13. Furthermore, this writ application involves a disputed question of fact. This court, as is well known, cannot enter into a thicket of such a disputed question.

The question relating to exercise of jurisdiction by a writ court in the matter of a contract is no longer res integra. The court is required to exercise its vigil at the time of grant of contract or distribution of largess and has a duty to see that State for public goods and in public interest. It is also well settled that a court will exercise its discretion only when the writ petition involves a public law element. The approach of the court in deciding such an issue would be different when the primary object of the contract provides public service to the people as against a contract involving pure commercial venture.

14. In U. P. Financial Corporation v. M/s. Nayer Oxygen & Acelytene Gas Ltd. it appears that unless its action is mala fide even a wrong decision taken by it is not open to challenge. The Apex Court observed :

"It is not for the court or a third party to substitute its decision, however, not prudent, commercial or business like, it may be, for the decision of the Corporation".

15. In M/s. Radha Krishna Agarwal v. State of Bihar , the Supreme Court while carving out three categories of cases vis-a-vis the right of judicial review, inter alia, held that where a contract entered into between the State and persons aggrieved is non-statutory and purely contractual of the rights and obligation of the parties thereto are governed by the terms of the contract, a writ petition shall not lie. However, keeping in view the subsequent development in law in the field a contract vis-a-vis jurisdiction of the High Court to entertain the writ application, a Full Bench of the Patna High Court presided over by N. P. Singh, J. (as His Lordship then was) in M/s. Pancham Singh v. State of Bihar held that apart from three categories adumbrated in Radhakrishnan there exists fourth category namely, that a writ petition shall also be maintainable where the contract has been terminated by the State on a ground de hors any of the terms of the contract and which is per se violative of Art. 14 of the Constitution of India.

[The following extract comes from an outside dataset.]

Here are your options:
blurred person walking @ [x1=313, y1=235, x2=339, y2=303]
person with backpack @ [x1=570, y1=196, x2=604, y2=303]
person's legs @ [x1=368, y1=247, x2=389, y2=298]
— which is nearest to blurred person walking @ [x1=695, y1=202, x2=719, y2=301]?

16. No such base has been made out in the instant case. Furthermore, it is well known that the court will have no jurisdiction to entertain a writ application in a matter governed by contract-qua-contract as in such a matter public law element is not involved. Reference in this connection may be made to Life Insurance Corporation v. EScortS , F.C.I, v. Jagannath Dutta , State of Gujarat v. Meghraj Peth Raj Shah Charitable Trust , Assistant Excise Commissioner v. Issac Peter which have been followed me in a decision in A. C. Roy Co. v. Union of Indja . In the case , the Supreme Court held that the materials placed before the court fall far short but the law required to justify interference.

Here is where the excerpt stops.